Science in the Triangle

Any time you learn something new, your brain undergoes a sort of remodeling to store the fresh bits of information. This process takes advantage of what most brain scientists refer to as “neural plasticity,” the ability of our brains’ synapses – the connections from one neuron to another – to strengthen or weaken in order to house new memories.

For most of us, our neurons remain malleable throughout our lives, giving us the opportunity for lifelong learning (though it does get harder with age). But for those afflicted with the rare genetic disease Angelman syndrome, the synapses are almost completely incapable of being remodeled. By the time children with Angelman syndrome are toddlers, their synapses have largely lost their plasticity, hardening like concrete into rigid structures that can no longer easily relay new information.

The result is quite tragic – children whose bodies grow and age normally but whose brains are locked forever in the state of a two year old. But there is also reason to hope, as tremendous progress has been made in the understanding of Angelman syndrome, say many of the researchers, clinicians, and parents in attendance at a recent conference on the disorder. The 2010 Angelman Treatment and Research Institute Scientific Symposium, held at the Carolina Inn in Chapel Hill on June 15 and 16, showcased the current research on the genetic disease, with efforts tapping into the latest technological tools from mouse models, brain imaging, stem cells, proteomics and gene therapy.

“Over the span of the conferences I have attended, I really feel like I can see the gap getting smaller between the cellular molecular finding and its clinical applications,” said Heather Adams, a neuropsychologist from Massachusetts who specializes in kids with cognitive impairment. She also has a daughter with Angelman syndrome.

Angelman syndrome is a rare intellectual disorder that affects about one out of every 15,000 people. It is often placed on the autism spectrum because of the shared language difficulties and inappropriate social behavior. The language impairment in people with Angelman syndrome is much more severe than in those with autism – in fact, most of them never speak a single word. And whereas individuals with autism might shun social interaction, those with Angelman are quite social.

“One of the very endearing things about these individuals is they have a very happy demeanor,” said one of the conference’s organizers, Ben Philpot, an Associate Professor in Cell and Molecular Physiology at the University of North Carolina. “They are often said to have inappropriate laughter, but I think that they just find more things in life funny than we do.”

Their child-like view of the world – and the detrimental ramifications of a brain that is unable to change — all stem from a defect in a single gene called UBE3A. If the gene is mutated or deleted, the result is Angelman syndrome. But if it is duplicated, it may result in one of the more classic forms of autism. And altering its function can also lead to tumors of the cervix, though in the cancer field the gene goes by the name E6AP. So studying this one gene and its effects on the plasticity of our brains could have far-reaching implications.

“The work related to synaptic plasticity in genetic syndromes is forming thrilling insights as far as how we reason and learn things,” said conference attendee William Snider, director of the UNC Neuroscience Center.

At the two-day conference, scientists from across the country presented their latest findings on the role of this infamous gene in disease. One of the invited speakers, Harvard’s Michael Greenberg, explained the findings he had recently published in the journal Cell on targets of UBE3A. The molecule’s main job is to mark other proteins to be broken down or destroyed, so if UBE3A is absent then certain proteins accumulate to inappropriately high levels, causing subtle but lasting damage to our brain cells.

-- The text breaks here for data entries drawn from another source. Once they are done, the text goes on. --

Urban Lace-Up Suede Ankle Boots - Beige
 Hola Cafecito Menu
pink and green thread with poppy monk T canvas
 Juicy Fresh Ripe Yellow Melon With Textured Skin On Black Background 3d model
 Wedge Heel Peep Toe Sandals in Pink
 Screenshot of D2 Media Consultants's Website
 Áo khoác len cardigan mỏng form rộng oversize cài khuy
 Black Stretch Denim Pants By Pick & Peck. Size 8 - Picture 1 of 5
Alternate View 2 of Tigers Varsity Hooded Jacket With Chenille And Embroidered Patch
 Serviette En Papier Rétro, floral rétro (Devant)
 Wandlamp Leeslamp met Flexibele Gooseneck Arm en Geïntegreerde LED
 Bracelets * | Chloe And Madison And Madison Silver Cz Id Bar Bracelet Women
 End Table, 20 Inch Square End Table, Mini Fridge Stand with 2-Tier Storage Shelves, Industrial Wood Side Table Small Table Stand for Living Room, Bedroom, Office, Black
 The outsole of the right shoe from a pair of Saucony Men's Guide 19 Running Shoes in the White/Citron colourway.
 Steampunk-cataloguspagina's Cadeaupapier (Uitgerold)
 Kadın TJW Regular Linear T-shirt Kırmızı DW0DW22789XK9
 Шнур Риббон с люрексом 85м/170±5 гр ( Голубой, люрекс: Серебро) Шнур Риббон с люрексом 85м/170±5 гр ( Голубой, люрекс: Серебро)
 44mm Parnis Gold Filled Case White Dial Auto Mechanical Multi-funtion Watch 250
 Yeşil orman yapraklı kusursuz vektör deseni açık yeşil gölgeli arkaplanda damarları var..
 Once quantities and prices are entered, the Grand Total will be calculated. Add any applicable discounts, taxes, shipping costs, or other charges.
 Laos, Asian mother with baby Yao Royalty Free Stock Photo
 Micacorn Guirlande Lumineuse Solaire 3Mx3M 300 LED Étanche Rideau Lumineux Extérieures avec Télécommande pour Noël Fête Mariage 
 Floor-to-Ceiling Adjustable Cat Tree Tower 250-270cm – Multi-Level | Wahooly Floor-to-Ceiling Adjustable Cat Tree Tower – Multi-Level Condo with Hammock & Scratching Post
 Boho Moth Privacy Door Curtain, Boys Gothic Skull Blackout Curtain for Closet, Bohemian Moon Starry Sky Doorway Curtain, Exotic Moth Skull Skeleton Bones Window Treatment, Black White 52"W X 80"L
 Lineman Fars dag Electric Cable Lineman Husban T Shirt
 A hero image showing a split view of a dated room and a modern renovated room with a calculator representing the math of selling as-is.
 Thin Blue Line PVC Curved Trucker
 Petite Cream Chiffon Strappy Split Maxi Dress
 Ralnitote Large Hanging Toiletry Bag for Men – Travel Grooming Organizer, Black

“If we know what the targets are we may be able to produce therapies that can break them down when UBE3A is no longer able to do its job,” said Philpot.
Philpot’s own work has indicated that pharmacotherapeutics or behavioral modifications may be able to restore the brain’s plasticity. He is currently using funding from the NC Translational and Clinical Sciences Institute (NC TraCS) to search for new molecules to treat Angelman syndrome, an area that is understandably of intense interest for many in the field.

“As a scientist I say the progress that has been made so far is remarkable, but as a parent, I say it is not fast enough,” said Alina Szmant, a marine biologist from Wilmington who has a 31-year-old daughter, Selena, with Angelman Syndrome.

Mark Nespeca, a clinician at Children’s Hospital in San Diego who also attended the conference, says that the pace of research depends a lot on your perspective. Because he does not conduct research himself, conferences like this one help him keep up with the many advances that have occurred since he was in medical school.

“With the advances in technology today, people are talking about sequencing your entire genome for just a thousand dollars,” said Nespeca. “There may come a day when kids will be coming to us at two months of age newly diagnosed, and we can say is there something we can do to make a difference so you can walk, can talk, not have seizures. But for a parent dealing with this illness day in and day out, it must be hard to wait and hope for that day to come.”